In an effort to stretch the limited vaccine supply, the U.S. is exploring an alternative administration method in which a single-dose vial of Jynneos, which is now given as a subcutaneous injection, is split into five doses injected under the upper layer of the skin, known as intradermal administration. (ACAM2000, in contrast, is administered via a scarification process using a two-pronged needle.)
The skin contains plentiful immune cells, known as dendritic cells, that can recognize viral antigens in the vaccine and trigger a strong immune response. The intradermal method is already used for other vaccines, including the BCG tuberculosis vaccine, but it requires special training and can cause worse injection site reactions site as redness and itching.
So first, why Intradermally? Surprisingly enough, your skin is chockful of cells that can efficiently utilize the antigens from the smaller dose (even if it’s a fraction) and sense, process, and present these in a way that facilitates immune responses (yay for Langerhan cells!) pic.twitter.com/8mqUyUnc4t— Dr. Neuro ????️???? ???????????? (@Neurofourier) August 5, 2022
A small study in 2005 showed that antibody response rates were similar with subcutaneous or intradermal administration. Researchers were preparing to launch a larger clinical trial to evaluate this approach, but federal officials have apparently decided not to wait. A decision about the alternative method, which would require emergency use authorization, will likely come within the next few days, FDA commissioner Robert Califf, MD, told reporters during an August 4 telebriefing.

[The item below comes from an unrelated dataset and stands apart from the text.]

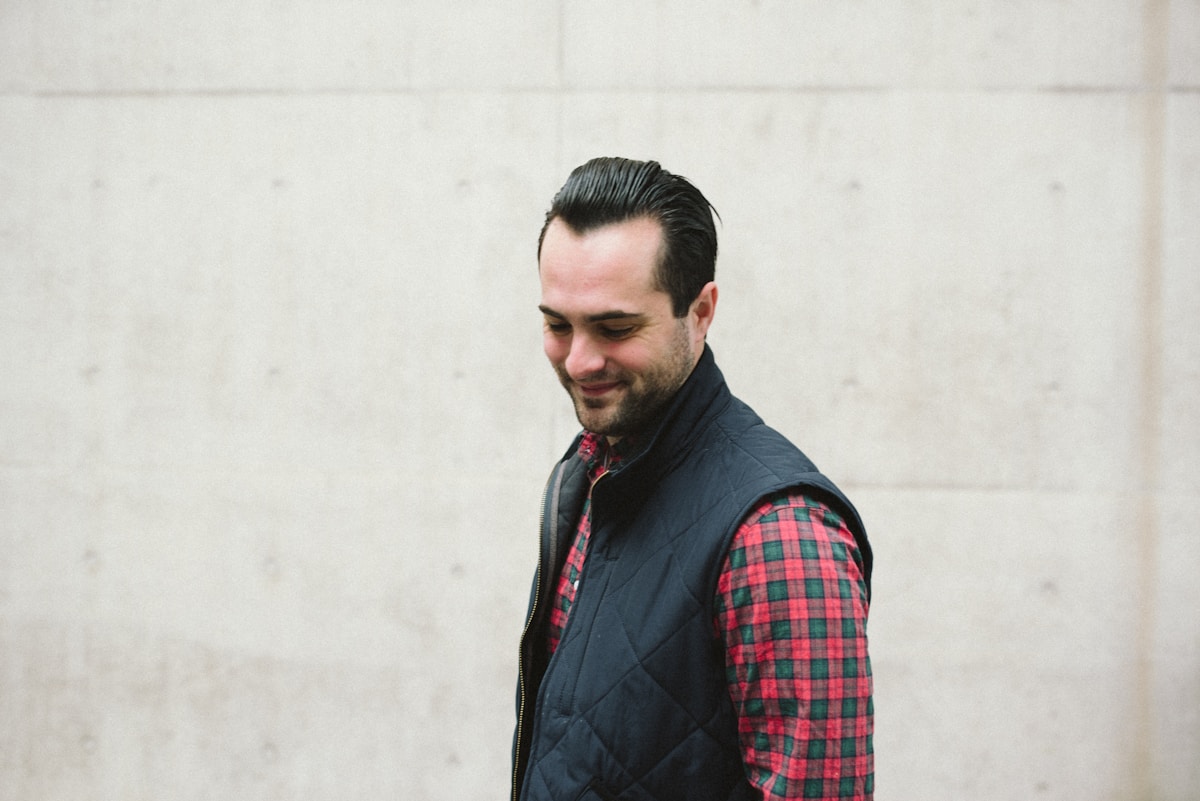 Homme souriant en veste sans manches et chemise à carreaux.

“There are some advantages to intradermal administration, including an improved immune response to the vaccine,” Califf said. “It’s important to know that that overall safety and efficacy profile will not be sacrificed with this approach.”
Experts and advocates generally applauded the decision to declare the monkeypox emergency.
“We urgently need an enhanced and better-coordinated plan to drive our response, including new federal funding and resources for states, cities, health care systems, and sexual health and community-based clinics to support the ramp up of testing, vaccinations and treatment access,” Infectious Diseases Society of America president Daniel McQuillen, MD, said in a statement. “While we have seen some progress in vaccine supply and treatment access, much more is needed to ensure we can equitably reach all of those in need and stop the spread of the virus.”
“Monkeypox has been a health emergency for many in the LGBTQ community for months,” said GLAAD president and CEO Sarah Kate Ellis. “This fast-moving public health emergency requires every possible effort to escalate equitable delivery and production of MPV vaccines and treatments, coupled with urgent, clear and transparent information for every healthcare provider and every American.”
But, some say, words without action are not enough.
“This declaration of a national emergency on monkeypox is a good first step from the federal government. This declaration will allow federal agencies to prioritize resources to provide vaccinations and outreach for those at risk of infection,” said NMAC executive director Paul Kawata.
“However, it is only a first step and there are many questions that must be answered,” he continued. “How will vaccinations be rolled out? How will the federal government ensure not just access to vaccinations but equity in that access? When will the CDC recommend that all gay, bisexual, and other men who have sex with men get vaccinated? How will they make that happen, given issues of stigma and vaccine hesitancy? And how can this be done in the current political climate without further stigmatizing the LGBTQ community? “Immediate clarity must be provided beyond this federal declaration. Making a declaration of an emergency is an easy step. The hard part starts now. How do we make this all happen?”